BEST GEEK PRODUCT OF 2009

1. Playstation 3 (after the price cut)

Playstation 3 Price Cut

The problem with the Playstation 3 was never the system itself – it’s a genuinely excellent Blu-Ray player and has comparable perform to the Xbox 360, for the most part – the problem was justifying its ridiculous cost, especially since most people already had Xbox 360s (which, again, is comparable as a videogame console) and other excellent Blu-Ray players were getting over 50% cheaper. With a $100 price tag and a more “TV Cabinet Friendly” design, the Playstation 3 finally achieved its true marketability potential… several years too late.

2. Xbox Live Arcade (Basically its own mini-console right now, presenting great games all year like Shadow Complex, Trials HD and “I Made a Game with Zombies In It,” which I refuse to spell any other way.)
3. Netflix Streaming (Thanks again, Xbox!)
4. Classics on Blu: The General, Gone with the Wind, North by Northwest, The Prisoner… (Despite a few token releases, great catalogue titles weren’t in great supply on Blu-Ray.
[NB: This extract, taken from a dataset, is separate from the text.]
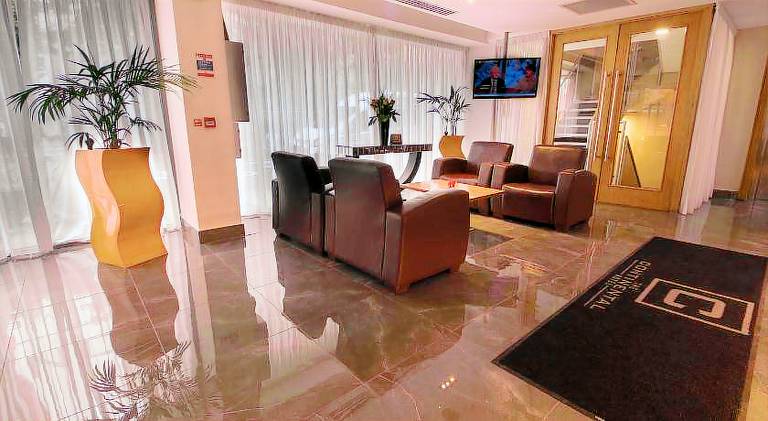 Continental Hotel Heathrow — photo 5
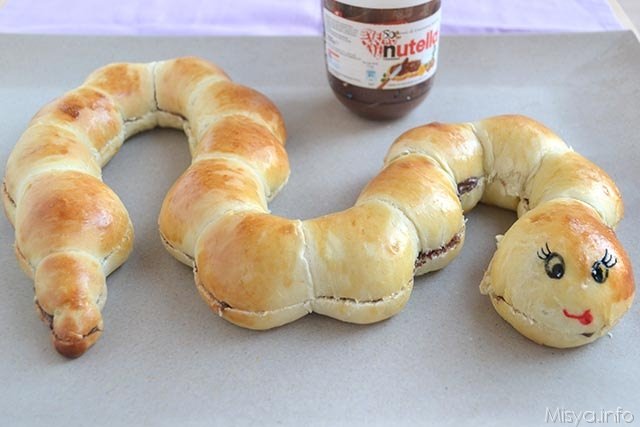 Bruco di pasta brioche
Thanks 2009!)
5. This Ain’t Star Trek XXX (The best porn parody so far works not just as erotica but also an amusing light-hearted parody of the original series, and can be watched without the sex!)
6. Beatles Rock Band Instruments (I didn’t actually need new instruments, but if I did these well-crafted plastic replicas would be exactly what I needed.)
7. Batman Arkham Asylum (First good Batman videogame? It’s making the list.)
8. Night of the Creeps on Blu-Ray (Never even on DVD, now it goes straight to high-definition. One of the best films ever just got better.)
9. Dollhouse on Blu-Ray (Rediscover this under-rated gem with an unaired Season Finale that’s not only the best episode of the series, but places even the weakest episode in the series in eerie context.)
10. The Maxx and The Head on DVD. (No Blu-Ray – yet – but these two excellent animated series from MTV in the 90’s finally made it to DVD this December. If you haven’t seen The Maxx, you owe it to yourself to experience TV’s most faithful comic book adaptation ever. And The Head’s just weird and awesome.)

——- IVAN KANDER ——-

BEST GEEK MOMENT OF 2009

1. Streaming Netflix on my 360

Netflix Streaming

It’s the small victories people, it really is. Who would have thought that having the supreme online movie rental service integrated with my video game console would be so damn awesome? If anything, this gives me even less of a reason to put on pants and leave the house. Ain’t the future grand?

2. Seing Watchmen on the big screen (It may not have been perfect, but gosh it’d been a long time coming)
3. The success of District 9 (Proof that smart ideas trump big-named stars any day)
4. The success of Paranormal Activity (lame movie, but, it gives hopes to budding Spielberg’s all over)
5. The Return of Friday Night Lights (let me just say…Daddy missed you)

WORST GEEK MOMENT OF 2009

1. The Rise of 3-D

3D

F-ck 3-D. There I said it. It’s a gimmick… always has been, always will be. If I wanted to spend three hours uncomfortably slouched, struggling to see a three-dimensional picture from an obscured viewpoint, I’d start stalking my neighbor again. Instead of 3-D, I’d much prefer a well-told story, but I guess I’m just old fashioned like that. To make things even worse, 3-D jacks up ticket prices by three bucks.  No thank you, Hollywood.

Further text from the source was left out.